Since the children from Pahiatua after the end of the war were to return to Poland, the language and infrastructure of the camp were Polish. These were also the names of barracks and alleys. The operation of the camp was supported by the Polish government in exile (until the Allies have recognized it ... in April 1946), then the New Zealand army. The caretakers and teachers of the children were Poles, but some of the teachers were New Zealand teachers who taught Poles English and popular sports in New Zealand - rugby. Small Poles spent their school holidays frequently with New Zealand families who gave children a chance to experience a family atmosphere in a new country.
In the memory of the Adults of Pahiatua, the camp is described as a happy period. Despite the drama of the war and its consequences in the world, children could enjoy a normal, peaceful childhood with its usual problems - a burst of homework, matches, mischief on the playground, dances and scout meetings ...
Many New Zealanders were outraged
by the help, Poles received from their country. There were voices that
some New Zealanders cannot afford such good conditions in which Polish
children lived - free accommodation, free meals and no obligation to
work. The growing reluctance meant that the New Zealand Prime Minister
had to respond to these accusations on many occasions, stressing that
the Camp benefitted from the funds of the Polish Government in London
and maintained itself thanks to the work of Polish guardians.
The conference in Yalta (February 4-11, 1945) was not without
significance for the fate of the Pahiatua camp. After the territories
from which most of the children came were incorporated into the USSR and
Poland was under Russian influence, the government of New Zealand
wanted to assimilate Polish children. There was an idea for the
guardians to give their children up for adopting families in New
Zealand. The Polish guardians objected strongly to this, it was
important to them that the children were still brought up in the spirit
of Polishness. Prime Minister Fraser was of the opinion that a difficult
decision about their future life should be left to the children
themselves. An agreement was reached between the Polish camp authorities
and the staff, the New Zealand church and the government, under which
the Polish Children's Camp became Little Poland.
After 1948, children were sent to boarding schools. The boys were sent to the Bursa of Polish Boys in Hawera, and the girls - to the Polish Girls' Dormitory in Wellington. Young people who started their professional lives lived in workers' hotels, some of the youngest children went to foster families. Some of the children from Pahiatua decided to stay in New Zealand and build a new life here. Some decided to return to Poland with the hope that they would be able to rebuild what was left there. The Polish Children's Camp in Pahiatua was officially closed on April 15, 1949.

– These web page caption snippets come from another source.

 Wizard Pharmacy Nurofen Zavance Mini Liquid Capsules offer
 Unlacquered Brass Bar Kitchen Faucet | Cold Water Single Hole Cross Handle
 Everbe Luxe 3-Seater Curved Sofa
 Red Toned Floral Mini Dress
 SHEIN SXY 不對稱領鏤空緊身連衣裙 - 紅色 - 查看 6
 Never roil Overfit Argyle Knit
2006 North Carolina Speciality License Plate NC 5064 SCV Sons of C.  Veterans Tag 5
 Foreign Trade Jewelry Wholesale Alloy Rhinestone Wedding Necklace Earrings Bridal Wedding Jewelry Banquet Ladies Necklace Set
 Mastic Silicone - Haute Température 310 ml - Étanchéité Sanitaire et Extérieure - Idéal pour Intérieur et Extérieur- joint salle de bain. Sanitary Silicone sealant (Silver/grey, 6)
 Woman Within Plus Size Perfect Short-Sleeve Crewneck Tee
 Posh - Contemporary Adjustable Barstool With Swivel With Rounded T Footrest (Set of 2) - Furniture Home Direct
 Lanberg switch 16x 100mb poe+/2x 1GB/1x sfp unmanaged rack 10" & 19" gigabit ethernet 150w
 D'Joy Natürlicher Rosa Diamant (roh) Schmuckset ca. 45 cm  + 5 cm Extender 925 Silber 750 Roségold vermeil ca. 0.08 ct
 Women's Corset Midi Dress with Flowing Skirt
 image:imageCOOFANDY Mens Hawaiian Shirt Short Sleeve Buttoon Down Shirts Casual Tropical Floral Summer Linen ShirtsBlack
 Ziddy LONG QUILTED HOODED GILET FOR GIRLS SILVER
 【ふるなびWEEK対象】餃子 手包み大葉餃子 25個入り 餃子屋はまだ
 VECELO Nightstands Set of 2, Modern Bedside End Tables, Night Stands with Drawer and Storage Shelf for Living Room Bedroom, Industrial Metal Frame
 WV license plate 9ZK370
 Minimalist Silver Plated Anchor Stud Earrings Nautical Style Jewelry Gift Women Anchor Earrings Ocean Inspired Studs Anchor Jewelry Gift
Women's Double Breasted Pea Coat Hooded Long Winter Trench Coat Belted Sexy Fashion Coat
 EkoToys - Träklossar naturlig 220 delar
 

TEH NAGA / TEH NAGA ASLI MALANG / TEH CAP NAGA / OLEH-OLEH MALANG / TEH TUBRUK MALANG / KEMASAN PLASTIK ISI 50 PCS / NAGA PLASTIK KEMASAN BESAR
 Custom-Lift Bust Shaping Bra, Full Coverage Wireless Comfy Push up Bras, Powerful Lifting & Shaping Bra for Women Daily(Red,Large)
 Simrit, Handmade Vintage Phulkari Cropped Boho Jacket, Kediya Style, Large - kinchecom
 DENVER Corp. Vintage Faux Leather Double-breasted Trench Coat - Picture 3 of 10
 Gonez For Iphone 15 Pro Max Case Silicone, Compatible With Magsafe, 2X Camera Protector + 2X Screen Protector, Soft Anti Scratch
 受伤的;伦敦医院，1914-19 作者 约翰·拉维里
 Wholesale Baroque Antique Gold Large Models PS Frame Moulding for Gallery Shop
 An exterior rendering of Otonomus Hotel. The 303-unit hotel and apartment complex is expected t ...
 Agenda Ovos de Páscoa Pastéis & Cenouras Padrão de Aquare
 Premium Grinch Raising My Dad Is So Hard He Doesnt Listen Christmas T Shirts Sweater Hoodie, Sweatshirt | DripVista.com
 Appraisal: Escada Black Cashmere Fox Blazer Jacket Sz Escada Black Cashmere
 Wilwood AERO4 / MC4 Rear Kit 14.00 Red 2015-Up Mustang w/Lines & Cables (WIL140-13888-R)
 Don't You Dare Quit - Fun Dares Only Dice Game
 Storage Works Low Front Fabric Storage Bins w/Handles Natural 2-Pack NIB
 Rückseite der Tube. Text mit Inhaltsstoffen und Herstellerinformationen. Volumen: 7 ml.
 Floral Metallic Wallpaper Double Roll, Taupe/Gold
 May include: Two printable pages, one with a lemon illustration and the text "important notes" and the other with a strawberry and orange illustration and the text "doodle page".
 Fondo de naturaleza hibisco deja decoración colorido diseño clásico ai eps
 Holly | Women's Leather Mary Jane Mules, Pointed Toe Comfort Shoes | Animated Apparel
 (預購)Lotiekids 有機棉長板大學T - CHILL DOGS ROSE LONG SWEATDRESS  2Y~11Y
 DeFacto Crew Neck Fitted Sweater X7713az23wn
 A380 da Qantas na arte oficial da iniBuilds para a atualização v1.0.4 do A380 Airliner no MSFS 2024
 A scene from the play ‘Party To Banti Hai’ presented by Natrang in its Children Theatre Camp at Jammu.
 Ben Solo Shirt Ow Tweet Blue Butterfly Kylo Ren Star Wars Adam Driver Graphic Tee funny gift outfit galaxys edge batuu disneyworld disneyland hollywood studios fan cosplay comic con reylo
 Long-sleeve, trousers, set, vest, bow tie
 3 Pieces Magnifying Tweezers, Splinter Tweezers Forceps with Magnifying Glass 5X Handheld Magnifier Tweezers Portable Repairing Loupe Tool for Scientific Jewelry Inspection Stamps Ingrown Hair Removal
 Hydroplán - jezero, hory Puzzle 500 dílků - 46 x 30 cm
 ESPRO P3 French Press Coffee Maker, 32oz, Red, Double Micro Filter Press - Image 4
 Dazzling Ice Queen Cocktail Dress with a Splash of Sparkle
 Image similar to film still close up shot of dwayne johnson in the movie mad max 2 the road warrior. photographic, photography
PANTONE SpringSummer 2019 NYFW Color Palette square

For three years after the closure of Little Poland, there was a camp for stateless displaced people from forced labor centers in Germany. After its closure in 1952, the area became a farm, where the only trace of the former Polish Children's Camp functioning here was a grotto with a statue of the Virgin Mary.
The book "Two homelands" tells the story of Children from Pahiatua and the fate of the camp. It is the result of the work of the Children of Pahiatua: Stanisław Manterys, Adam Manterys, Halina Manterys, Stefania Zawada and Józef Zawada.
Upload: HERE (in Polish)
Fragments of interviews are part of a full-length documentary film about the fates of Children of Pahiatua "Deceit destiny" directed by Marek Lechowicz.